Even if Plaintiffs had adequately pleaded the first three factors, they have not done so for the fourth. As explained above, Plaintiffs were aware of all the elements of their cause of action by the late 1990s. That is, they knew of the injury, the identity of the perpetrator, and the perpetrator's employer. See Archdiocese of Cincinnati, 849 N.E.2d at 279 (concluding that the fraudulent concealment doctrine was inapplicable where the plaintiff, a victim of sexual abuse, “at all times knew the identity of his alleged perpetrator and knew the employer of his alleged perpetrator”). Because Plaintiffs have known for decades about the elements of their cause of action, any alleged misrepresentation or concealment by Ohio State did not prevent them from investigating or pursuing their claims. The cases on which Plaintiffs rely are inapposite because they do not analyze Ohio law. See, e.g., Lozano v. Baylor Univ., 408 F. Supp. 3d 861, 904 (W.D. Tex. 2019). Therefore, the fraudulent concealment doctrine does not toll the limitations period for Plaintiffs’ claims.
c. This Analysis Applies Equally to any Title IX Claims brought under a Theory of Hostile Environment or Heightened Risk
Plaintiffs also arguably allege a separate theory of Title IX liability based on Ohio State's creation and perpetuation of a sexually hostile environment. The Sixth Circuit has stated that “[h]ostile environment [Title IX] claims are distinct from deliberate indifference [Title IX] claims.” Doe v. Univ. of Ky., 959 F.3d 246, 251 n.3 (6th Cir. 2020). “A Title IX hostile-environment claim is analogous to a Title VII hostile-environment claim,” and, to state such a claim, a plaintiff “must allege that his educational experience was permeated with discriminatory intimidation, ridicule, and insult that is sufficiently severe or pervasive [so as] to alter the conditions of his educational environment.” Doe v. Miami Univ., 882 F.3d 579, 590 (6th Cir. 2018) (internal quotations marks and citations omitted).

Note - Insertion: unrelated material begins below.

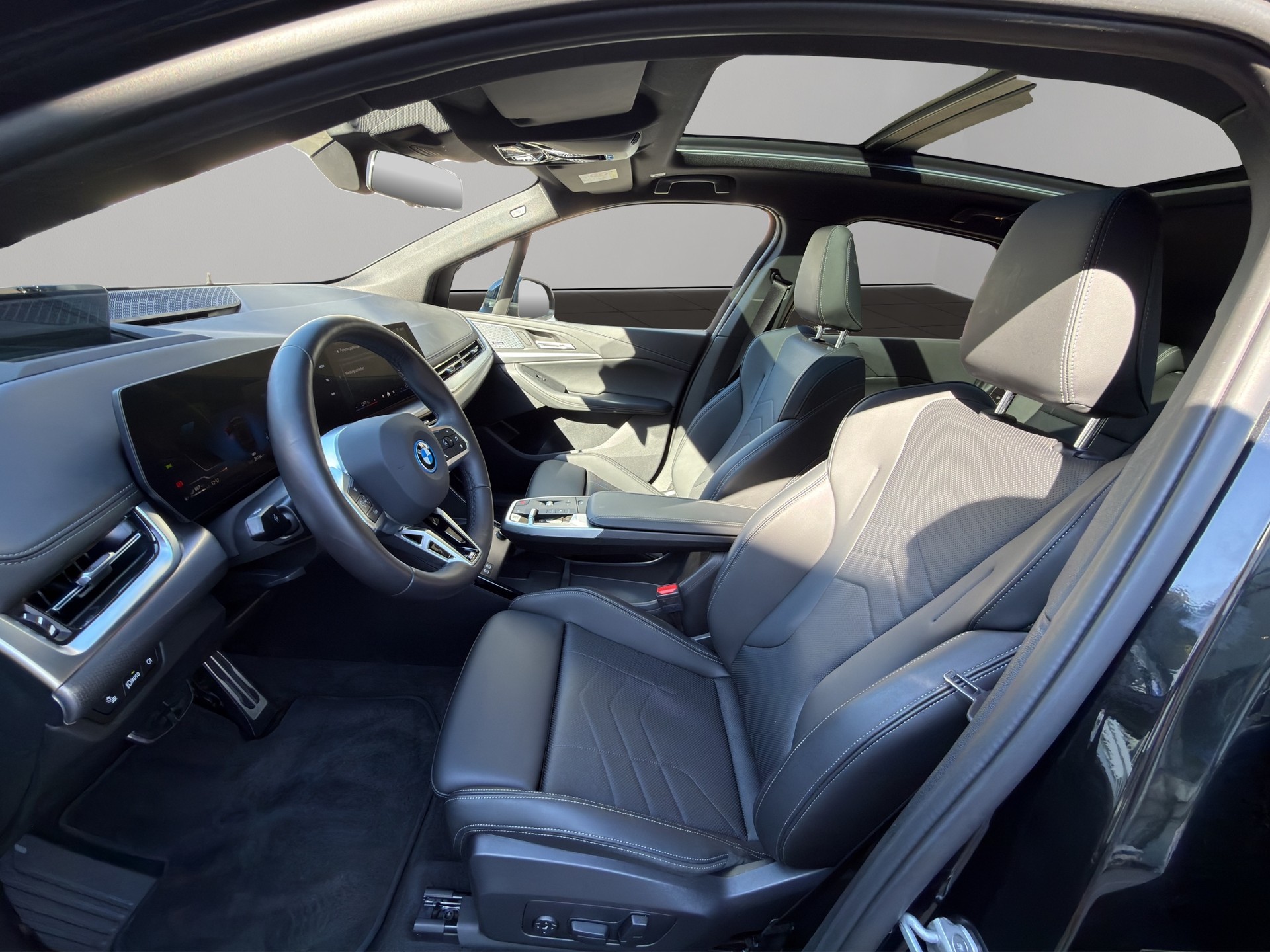 BMW 225e xDrive Active Tourer M Sport-image-11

Here, the statute of limitations analysis for Plaintiffs’ post-assault deliberate indifference claim applies with equal force to any separately asserted hostile-environment theory of liability because Plaintiffs were certainly aware by the time they graduated that their educational experiences were permeated by a sexually hostile environment. Indeed, any claim would fail on the merits were Plaintiffs unaware. Doe v. Univ. of Dayton, 766 F. App'x 275, 283 (6th Cir. 2019) (“We hesitate to deem an environment hostile to a plaintiff when there is no evidence that plaintiff was aware of what occurred.” (internal quotation marks and citation omitted)).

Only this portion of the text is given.